Setelah transisi dan penyesuaian diri ini telah berjalan, maka masuklah di zaman yazid sampai runtuhnya dinasti Ottoman. Menandakan berakhirnya kejayaan islam. Islam telah melalui beberapa konsep politik, mulai dari Khalifa, Monarki dan Monarki Absolut. Seiring berkembangnya konsep ini, pertanda islam semakin memperbaiki konsep politiknya. Monarkilah yang lebih banyak terjadi dalam kejayaan islam, tercatat 3 Dinasti memilih system perpolitikan Monarki untuk menjalankan roda pemerintahannya. 


Point yang perlu diingat dalam konsep perpolitikan bahwa, Islam memang tidak mempunyai perpolitikan yang jelas dan lugas dalam pembahasannya.
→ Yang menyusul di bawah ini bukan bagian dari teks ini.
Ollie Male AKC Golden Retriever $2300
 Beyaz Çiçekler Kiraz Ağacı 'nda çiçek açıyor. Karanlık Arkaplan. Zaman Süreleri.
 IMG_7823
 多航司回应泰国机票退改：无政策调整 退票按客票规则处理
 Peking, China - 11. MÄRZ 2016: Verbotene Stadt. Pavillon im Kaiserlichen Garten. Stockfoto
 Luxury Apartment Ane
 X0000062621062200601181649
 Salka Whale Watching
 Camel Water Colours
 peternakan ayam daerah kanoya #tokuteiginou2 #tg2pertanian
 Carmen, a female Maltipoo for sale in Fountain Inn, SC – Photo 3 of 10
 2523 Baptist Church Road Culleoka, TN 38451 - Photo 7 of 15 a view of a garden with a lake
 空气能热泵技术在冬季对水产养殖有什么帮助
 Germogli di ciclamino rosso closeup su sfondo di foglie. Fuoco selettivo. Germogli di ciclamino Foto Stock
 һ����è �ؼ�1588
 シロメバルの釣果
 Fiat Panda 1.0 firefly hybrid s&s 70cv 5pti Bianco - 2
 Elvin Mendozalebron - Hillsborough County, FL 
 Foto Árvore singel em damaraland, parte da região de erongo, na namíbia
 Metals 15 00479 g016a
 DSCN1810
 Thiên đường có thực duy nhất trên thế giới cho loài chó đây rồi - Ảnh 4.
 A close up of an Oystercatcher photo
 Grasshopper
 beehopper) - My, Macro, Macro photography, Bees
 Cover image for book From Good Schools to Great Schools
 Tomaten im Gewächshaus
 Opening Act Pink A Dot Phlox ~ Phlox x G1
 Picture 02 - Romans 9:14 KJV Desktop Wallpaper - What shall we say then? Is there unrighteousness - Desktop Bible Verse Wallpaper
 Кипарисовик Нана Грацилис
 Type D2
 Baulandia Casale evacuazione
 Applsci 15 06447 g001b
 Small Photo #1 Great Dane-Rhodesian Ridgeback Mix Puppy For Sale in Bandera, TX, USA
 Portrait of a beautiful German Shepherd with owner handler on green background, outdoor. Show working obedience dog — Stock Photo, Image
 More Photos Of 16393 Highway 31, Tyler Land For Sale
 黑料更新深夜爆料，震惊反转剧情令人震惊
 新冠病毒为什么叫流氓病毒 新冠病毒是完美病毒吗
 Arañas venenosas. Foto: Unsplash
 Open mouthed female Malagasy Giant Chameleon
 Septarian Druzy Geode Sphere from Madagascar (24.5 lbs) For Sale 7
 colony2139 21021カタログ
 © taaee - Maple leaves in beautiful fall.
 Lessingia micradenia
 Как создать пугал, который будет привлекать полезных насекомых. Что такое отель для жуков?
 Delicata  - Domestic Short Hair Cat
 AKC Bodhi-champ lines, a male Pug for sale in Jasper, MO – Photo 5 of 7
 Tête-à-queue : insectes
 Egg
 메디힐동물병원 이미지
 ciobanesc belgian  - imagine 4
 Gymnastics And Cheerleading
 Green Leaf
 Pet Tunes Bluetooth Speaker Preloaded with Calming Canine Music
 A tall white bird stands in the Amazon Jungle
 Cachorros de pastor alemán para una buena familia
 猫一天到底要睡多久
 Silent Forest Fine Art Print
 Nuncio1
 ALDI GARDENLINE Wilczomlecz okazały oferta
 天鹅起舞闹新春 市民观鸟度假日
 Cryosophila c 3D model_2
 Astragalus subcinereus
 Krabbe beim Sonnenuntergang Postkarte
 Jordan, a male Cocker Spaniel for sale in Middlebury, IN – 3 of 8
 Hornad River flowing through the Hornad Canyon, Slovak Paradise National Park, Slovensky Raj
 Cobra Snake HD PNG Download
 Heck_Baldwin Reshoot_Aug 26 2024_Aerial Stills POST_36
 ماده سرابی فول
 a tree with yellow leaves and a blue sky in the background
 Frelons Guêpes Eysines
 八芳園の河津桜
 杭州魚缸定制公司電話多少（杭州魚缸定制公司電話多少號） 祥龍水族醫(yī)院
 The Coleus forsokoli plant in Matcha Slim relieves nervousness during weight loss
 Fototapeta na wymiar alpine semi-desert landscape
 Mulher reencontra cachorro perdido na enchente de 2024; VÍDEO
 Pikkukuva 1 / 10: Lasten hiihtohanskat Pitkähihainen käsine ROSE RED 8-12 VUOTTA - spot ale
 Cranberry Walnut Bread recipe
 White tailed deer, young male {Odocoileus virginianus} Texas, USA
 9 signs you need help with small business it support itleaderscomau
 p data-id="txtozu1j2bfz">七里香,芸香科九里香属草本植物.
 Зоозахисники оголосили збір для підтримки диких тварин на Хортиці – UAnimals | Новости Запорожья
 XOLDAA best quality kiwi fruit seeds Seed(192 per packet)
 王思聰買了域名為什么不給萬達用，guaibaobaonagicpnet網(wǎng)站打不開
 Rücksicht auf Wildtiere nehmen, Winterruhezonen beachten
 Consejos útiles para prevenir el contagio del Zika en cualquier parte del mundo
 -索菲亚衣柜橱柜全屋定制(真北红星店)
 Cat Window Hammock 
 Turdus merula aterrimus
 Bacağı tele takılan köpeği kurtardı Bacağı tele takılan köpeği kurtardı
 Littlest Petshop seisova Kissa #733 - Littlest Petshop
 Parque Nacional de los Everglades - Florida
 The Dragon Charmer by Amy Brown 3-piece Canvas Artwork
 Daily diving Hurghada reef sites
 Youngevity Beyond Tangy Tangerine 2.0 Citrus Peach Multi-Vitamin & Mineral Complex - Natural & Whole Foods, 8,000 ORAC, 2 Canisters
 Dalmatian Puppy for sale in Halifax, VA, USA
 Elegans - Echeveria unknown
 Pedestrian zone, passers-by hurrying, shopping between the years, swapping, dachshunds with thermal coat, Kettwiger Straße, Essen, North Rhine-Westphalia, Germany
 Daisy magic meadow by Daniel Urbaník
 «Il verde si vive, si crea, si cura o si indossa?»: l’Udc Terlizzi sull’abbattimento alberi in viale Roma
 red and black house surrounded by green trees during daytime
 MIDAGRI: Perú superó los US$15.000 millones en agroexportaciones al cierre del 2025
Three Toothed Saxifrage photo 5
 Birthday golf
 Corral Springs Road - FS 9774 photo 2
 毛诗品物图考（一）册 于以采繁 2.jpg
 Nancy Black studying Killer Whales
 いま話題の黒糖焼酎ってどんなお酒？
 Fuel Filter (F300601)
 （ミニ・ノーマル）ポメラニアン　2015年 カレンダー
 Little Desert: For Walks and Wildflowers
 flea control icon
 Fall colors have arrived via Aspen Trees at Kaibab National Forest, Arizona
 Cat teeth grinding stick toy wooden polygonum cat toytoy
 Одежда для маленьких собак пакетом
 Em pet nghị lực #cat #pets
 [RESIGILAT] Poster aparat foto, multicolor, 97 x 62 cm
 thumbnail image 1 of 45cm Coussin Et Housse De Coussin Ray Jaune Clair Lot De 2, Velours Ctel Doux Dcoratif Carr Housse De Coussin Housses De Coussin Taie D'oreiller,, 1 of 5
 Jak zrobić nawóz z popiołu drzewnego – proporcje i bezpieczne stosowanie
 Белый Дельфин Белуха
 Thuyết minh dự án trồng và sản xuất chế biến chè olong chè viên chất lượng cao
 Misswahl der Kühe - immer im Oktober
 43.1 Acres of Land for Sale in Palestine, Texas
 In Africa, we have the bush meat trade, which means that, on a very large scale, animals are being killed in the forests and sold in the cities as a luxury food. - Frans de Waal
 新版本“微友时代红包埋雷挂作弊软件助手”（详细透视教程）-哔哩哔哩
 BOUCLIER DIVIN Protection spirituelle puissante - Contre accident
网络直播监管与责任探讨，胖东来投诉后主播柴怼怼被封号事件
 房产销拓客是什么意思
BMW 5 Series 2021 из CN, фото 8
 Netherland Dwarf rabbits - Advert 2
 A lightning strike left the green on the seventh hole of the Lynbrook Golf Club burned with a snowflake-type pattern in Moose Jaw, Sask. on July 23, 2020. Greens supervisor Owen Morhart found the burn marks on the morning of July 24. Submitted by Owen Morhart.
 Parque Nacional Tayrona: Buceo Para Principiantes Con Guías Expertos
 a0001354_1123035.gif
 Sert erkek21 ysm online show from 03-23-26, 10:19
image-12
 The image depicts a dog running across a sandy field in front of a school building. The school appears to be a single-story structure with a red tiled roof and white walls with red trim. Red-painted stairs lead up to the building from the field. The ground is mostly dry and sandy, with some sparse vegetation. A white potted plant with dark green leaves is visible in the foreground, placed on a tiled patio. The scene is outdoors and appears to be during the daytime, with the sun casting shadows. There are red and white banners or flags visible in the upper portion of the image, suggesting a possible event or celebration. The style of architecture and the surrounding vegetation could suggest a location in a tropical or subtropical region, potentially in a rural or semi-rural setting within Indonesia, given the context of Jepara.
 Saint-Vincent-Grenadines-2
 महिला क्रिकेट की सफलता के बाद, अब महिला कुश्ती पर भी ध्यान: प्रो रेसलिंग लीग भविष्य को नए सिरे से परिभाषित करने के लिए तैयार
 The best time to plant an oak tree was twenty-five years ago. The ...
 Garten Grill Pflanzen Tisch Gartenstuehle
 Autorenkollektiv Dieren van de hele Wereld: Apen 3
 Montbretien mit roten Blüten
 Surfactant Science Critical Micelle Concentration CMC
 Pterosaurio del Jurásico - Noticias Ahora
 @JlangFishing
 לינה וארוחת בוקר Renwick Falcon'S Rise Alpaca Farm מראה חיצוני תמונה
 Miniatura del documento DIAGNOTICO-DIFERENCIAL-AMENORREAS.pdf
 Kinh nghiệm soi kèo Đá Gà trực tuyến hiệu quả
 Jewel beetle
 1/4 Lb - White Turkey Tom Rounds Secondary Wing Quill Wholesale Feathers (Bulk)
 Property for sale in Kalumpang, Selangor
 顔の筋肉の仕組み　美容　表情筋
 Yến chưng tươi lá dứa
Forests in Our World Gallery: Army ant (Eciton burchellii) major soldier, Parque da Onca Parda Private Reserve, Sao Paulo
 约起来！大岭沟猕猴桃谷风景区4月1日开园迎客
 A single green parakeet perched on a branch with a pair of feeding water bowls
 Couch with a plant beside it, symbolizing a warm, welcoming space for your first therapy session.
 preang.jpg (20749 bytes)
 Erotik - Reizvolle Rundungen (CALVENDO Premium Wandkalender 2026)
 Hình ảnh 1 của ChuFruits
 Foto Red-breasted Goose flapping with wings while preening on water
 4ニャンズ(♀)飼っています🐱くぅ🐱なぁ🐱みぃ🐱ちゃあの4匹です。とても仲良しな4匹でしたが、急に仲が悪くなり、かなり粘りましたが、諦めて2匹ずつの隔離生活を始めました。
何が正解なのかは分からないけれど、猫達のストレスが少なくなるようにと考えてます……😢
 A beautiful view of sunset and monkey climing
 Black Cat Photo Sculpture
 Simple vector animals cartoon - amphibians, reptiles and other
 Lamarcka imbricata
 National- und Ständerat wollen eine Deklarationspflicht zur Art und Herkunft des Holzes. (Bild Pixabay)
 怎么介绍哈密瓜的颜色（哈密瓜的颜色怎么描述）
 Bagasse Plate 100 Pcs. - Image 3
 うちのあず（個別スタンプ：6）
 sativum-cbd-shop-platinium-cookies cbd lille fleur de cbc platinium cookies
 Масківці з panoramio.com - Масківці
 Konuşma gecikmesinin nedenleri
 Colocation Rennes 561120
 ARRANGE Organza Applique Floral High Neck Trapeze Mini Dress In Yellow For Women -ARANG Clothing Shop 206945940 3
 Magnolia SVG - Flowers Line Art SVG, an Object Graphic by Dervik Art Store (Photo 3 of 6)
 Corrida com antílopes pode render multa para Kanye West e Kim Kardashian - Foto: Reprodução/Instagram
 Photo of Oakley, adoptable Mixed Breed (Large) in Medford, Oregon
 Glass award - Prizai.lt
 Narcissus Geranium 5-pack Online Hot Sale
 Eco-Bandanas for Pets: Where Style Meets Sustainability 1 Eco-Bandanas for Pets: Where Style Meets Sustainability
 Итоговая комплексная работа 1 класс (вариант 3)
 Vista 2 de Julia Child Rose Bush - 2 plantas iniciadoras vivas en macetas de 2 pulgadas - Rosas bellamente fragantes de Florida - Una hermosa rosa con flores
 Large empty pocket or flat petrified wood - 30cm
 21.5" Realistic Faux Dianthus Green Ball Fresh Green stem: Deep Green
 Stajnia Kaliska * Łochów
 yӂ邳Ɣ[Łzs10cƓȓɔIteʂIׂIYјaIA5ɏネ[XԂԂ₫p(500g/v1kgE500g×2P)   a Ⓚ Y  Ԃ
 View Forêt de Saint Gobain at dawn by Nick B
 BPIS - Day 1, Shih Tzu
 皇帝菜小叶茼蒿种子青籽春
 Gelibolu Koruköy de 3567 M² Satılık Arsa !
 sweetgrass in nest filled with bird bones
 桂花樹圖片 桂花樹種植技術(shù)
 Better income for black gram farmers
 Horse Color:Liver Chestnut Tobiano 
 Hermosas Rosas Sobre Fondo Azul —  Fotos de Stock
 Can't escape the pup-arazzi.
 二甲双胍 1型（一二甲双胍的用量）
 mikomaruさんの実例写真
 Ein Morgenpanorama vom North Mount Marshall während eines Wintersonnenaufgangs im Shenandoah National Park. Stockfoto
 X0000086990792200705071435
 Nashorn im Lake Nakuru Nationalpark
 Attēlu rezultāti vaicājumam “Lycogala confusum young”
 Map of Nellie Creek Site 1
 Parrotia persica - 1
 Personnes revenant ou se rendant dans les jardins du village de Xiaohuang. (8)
Namun sejarah, dan penerapan Syariatlah yang menjadi referensi para ulama untuk menafsirkan konsep perpolitikan di islam, namun bukan berarti berdirinya syariat lantas kita harus mengobarkan bendera setingginya-tingganya dan mengatakan bahwa hidup Negara Khalifa. Muhammad Abduh dan Al-Afghani berpendapat bahwa:

 “rakyat berhak menentukan system perpolitikan apa yang harus di adopsi, rakyat di berikan kebebesan dalam berpikiran dan menimbang”.  
 
Dari sinilah bisa kita ambil kesimpulan, bahwa: Apapun system politik dalam madhzab pemikiran kita, apapun penerapan system politik yang ada dalam bangsa kita, kita tetap harus menghargainya, kita tetap harus mematuhinya. 

Di zaman Rasulullah juga tidak secara sistimatis membahas konsep politik karena tujuan Rasulullah adalah mengasa Akhlak kita. Yang terpenting adalah bagaiaman sebuah system pemerintahan yang pro terhadapa kepentingan rakyat, tidak berpihak dalam kepetingan agama dan melidungi hak dan kebebasan dalam beragama, maka saya yakin itulah sesungguhnya sebuah system perpolitikan ala Khalifa, terbukti ketika Sultan Mehmed II memimpin, menerap system rahmatan lil alamin, meski saat itu system monarki yang di terapkan namun secara substansial bahwa beliau telah menerapkan secara bijak sebuah makna yang Rasulullah maksud bukan tetang system secara sempurna harus seperti zaman Rasulullah, namun substansi relevan dengan zaman tanpa menggangu kebebesan beragama.